Employees and Contractors
Just like traditional firms, virtual firms need project managers, interior designers, draftspersons, engineers, 3-D modelers, and other collaborators and team members are assembled when needed for a project. In Peter Macrae’s firm, he now has six teams that work on various project types around the world, completing 150 US projects in 2016—in addition to collaboration on projects in Australia, New Zealand, Canada, and Mexico. With every project, he analyzes the requirements then assembles the necessary resources and talent from across the country.
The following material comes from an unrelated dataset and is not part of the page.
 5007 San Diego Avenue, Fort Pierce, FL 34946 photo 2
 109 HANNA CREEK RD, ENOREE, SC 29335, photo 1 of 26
Macrae notes that it’s important to empower one’s workers—which are now, in his case, all contractors to his firm—to identify future projects and then develop them together, sharing both the risks and the rewards. It is noted that from a legal standpoint, it is best that contractors have multiple clients and incorporate or form an LLC to ensure compliance with labor laws and to demonstrate that they are not simply employees who are being treated as contractors. Typically, the individual with the project connection takes the lead on the project. He notes that one’s income is consistent if one works efficiently and effectively; all are paid when the client pays. Importantly, each person performs the tasks for which one is best suited.
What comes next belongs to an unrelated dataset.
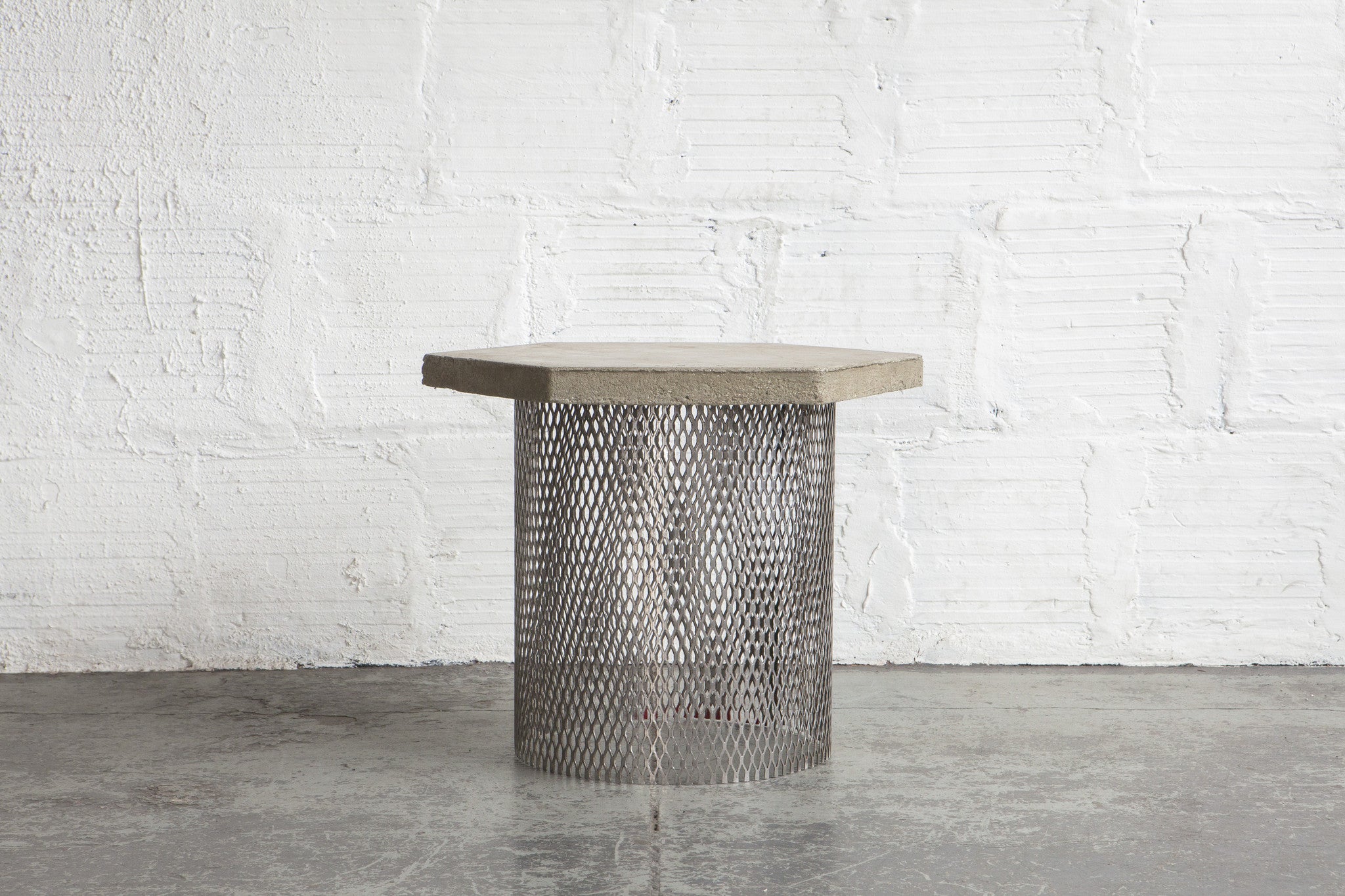 Concrete & Wire Concept Side Table Prototype – The Good Mod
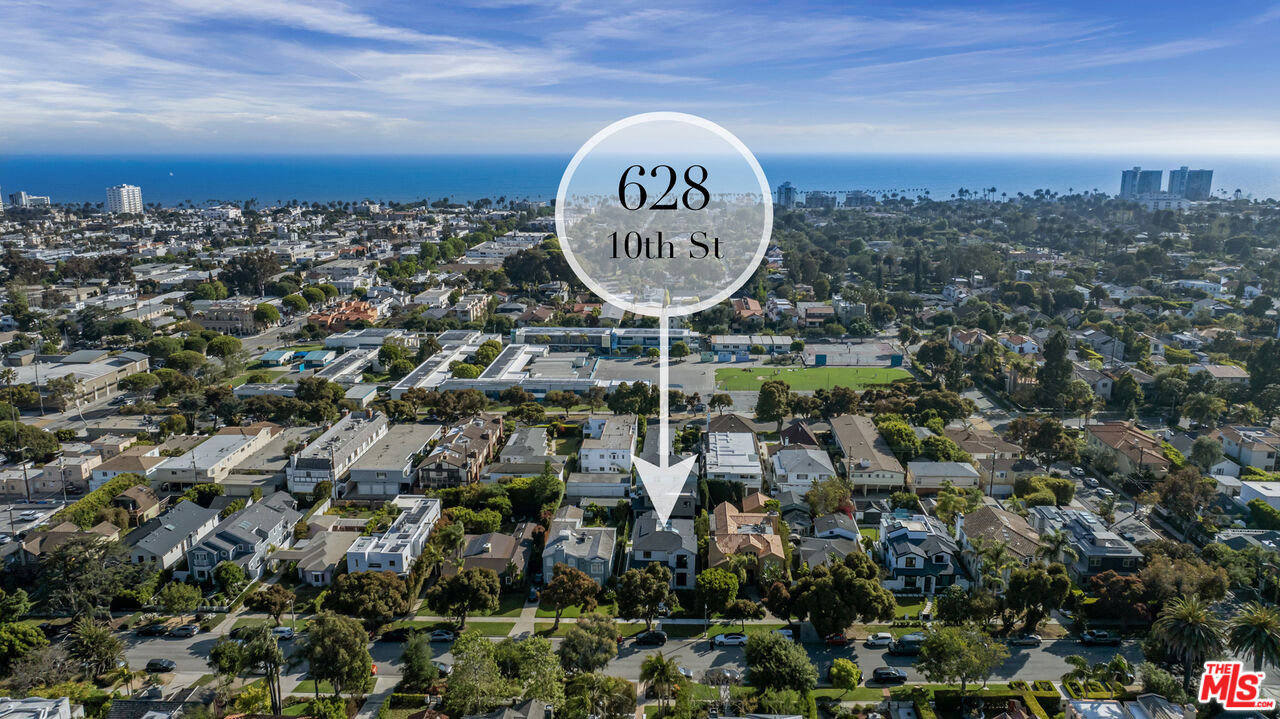 628 10th Street Santa Monica, CA 90402 - Photo 2 of 48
For a geographically diverse virtual practice, becoming registered in multiple states is required by law. Macrae is registered in 36 states—a feat accomplished through the National Council of Architecture Registration Boards (NCARB) and its certificate process. Winters holds eight registrations on the East coast where his firm currently does business. Your own state business license may be the only license required as long as the architect is not signing and sealing documents in other states, but state laws will vary. Generally, the architect's license will be on the line for unlawful practice and there could also be implications for the firm as an entity depending on the nature of the activity. Each state defines what it considers to be “doing business” in that state. If you are doing business in a state, you generally must register as a “foreign” entity so you can be added to the tax rolls and pay income tax and an annual license renewal fee, in addition to the architectural license. Checking with state requirements and acting accordingly is necessary to ensure the firm is not later obligated to pay back fees, taxes and penalties which in many states could be crushing.
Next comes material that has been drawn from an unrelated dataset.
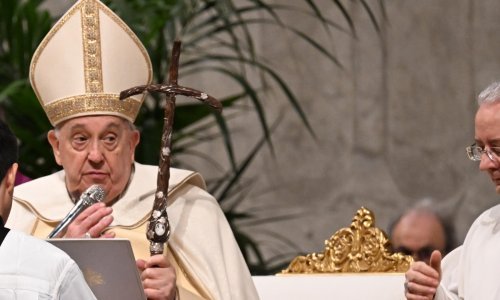 Papa putuje na Korziku, sastat će se s Macronom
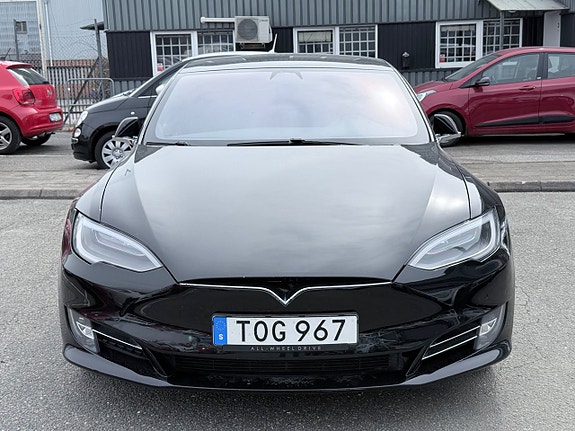 Tesla Model S 3 of 5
For the Kezlo Group, the freedom to structure one’s day and balance personal and family needs, avoiding trade-offs that pit work and life requirements against each other, make the biggest difference. However, maintaining a healthy firm culture when employees are not in the same physical space has provided challenges for his firm, requiring much more consistent communication than originally anticipated. Employee motivation is critical, and employees must be self-starters, motivated without needing much direction or feedback. Therefore, personality fit is crucial for success and must be ascertained before hiring to ensure the employee is able to work independently in a virtual office environment.
Overall, Winters doesn’t find that the services his firm offers are any different than they would be in a traditional practice, and they handle their contractual relationships and service providers the same way as before in a traditional small firm environment, employing most of the design team as consultants for a project including MEP engineering, structural engineering, interior design, etc. As for marketing, the firm encourages everyone in it to market and work on business development; currently, most of their work is with repeat clients or referrals.
Luis finds that in a virtual practice, one is more “fully aware and in the moment of (where) you are actually located” and that it “evens out the playing field” to seek opportunities to work with people located elsewhere. She identifies the significant difference between virtual and traditional practice to be the diversity of stakeholders found in virtual practice. She finds the opportunity to work with diverse voices meaningful and important when trying to solve some of the most pressing challenges affecting the built environment. In addition, virtual practice offers flexibility not found in traditional practice, including not binding one to an 8 am to 5 pm schedule nor to a geographical location. One downside she noted is a lack of in-person meetings with colleagues.
While there are many benefits of a virtual practice, as with most any enterprise, there are also risks. This overview will touch on many but not all of them—and hiring the right professionals, such as an attorney, a business consultant, and a financial advisor, is the best approach to help you lay the groundwork you’ll need for future success. As the legal principle goes, ignorance of the law is no excuse, so it’s vitally important that every practitioner understand what is required so they don’t discover too late what can go wrong.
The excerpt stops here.